Was dem Film wirklich gut bekommt sind jene Szenen, in denen Godard mit dem Klischee der dramatischen Filmmusik spielt, die voller Kraft ein harmloses Kopfdrehen untermalt oder gemächlich lange Einstellungen begleitet in denen Karina ins Leere starrt. Und natürlich auch jene Szenen, in denen er Klischees der Bilder verschrottet: Karina streift sich über ihren quietschbunten (es soll ja schließlich auch ein Disneyfilm sein) Pullover den typischen Trechcoat, die Gangster tragen schwarze Sonnebrillen und beißen auf coolen Zahnstochern herum, Pappfiguren von Filmnoirstars werden durchs Bild getragen, Charaktere nach Größen aus diesem Genre benannt und wenn jemand angeschossen wird (Leaud ist ein großartiges Beispiel), dann geht er möglichst theatralisch zu Boden. Das Rätselhafte der Kriminalfälle die Pate stehen wird hier übertrieben wenn Godard die Tonbandaufnahmen einstreut die er wieder und wieder abspielen lässt und die dennoch nur noch mehr Unordnung ins Chaos bringen.

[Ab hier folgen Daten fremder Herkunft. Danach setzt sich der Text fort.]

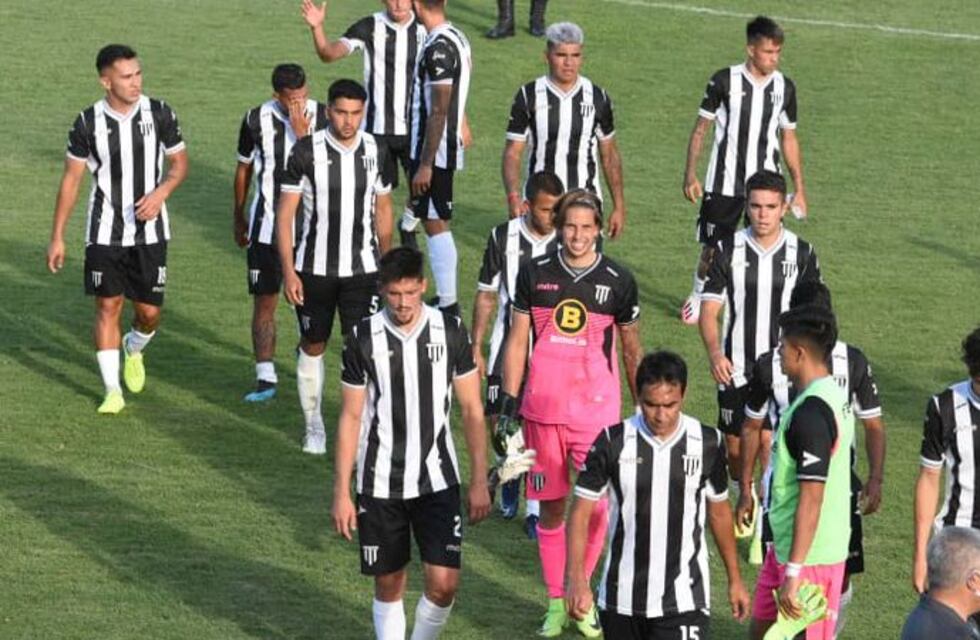 Sarmiento de Junín derrotó al Lobo del Parque por 3 a 2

Wenn er jedoch fehlgeht, dann an jenen Stellen, in denen er eine Art absurdes Theater betreibt: In einer viel zu langen Barsequenz gerät der Wirt mit den Gästen über eine Sichtung des Inventars zu einem Spiel infantiler Unlogik, dass sich zwar (und so wird es auch häufig verstanden) als Bild der vom Rationalen befreiten Poesie und der Einheit der Personen im Kommunismus lesen lässt, aber letztlich zu keiner Aussage führt, sondern nur diffuse Assoziationen ermöglicht. Es stört zudem doch, dass Godard auf Kausalzusammenhänge im Handlungsablauf stark verzichtet und eine Unlesbarkeit anstrebt, dabei jedoch kein Kaleidoskop erschafft (wie in "2 ou 3..."), sondern eher verschiedene Episoden, die sich kaum mehr aneinanderfügen lassen und für sich zumeist jeweils sehr eindimensional und platt wirken. Entweder hätte Godard hier völlig auf die Handlung verzichten und stattdessen mehr Thesen und Essays einpflanzen, oder aber das Geschehen (wie in "Detective") doch durchschaubarer aneinanderketten sollen.
So ist im Endeffekt "nur" eine satte 6/10 drin (immerhin ist der Film nicht langweilig und er hat seine schönen Momente).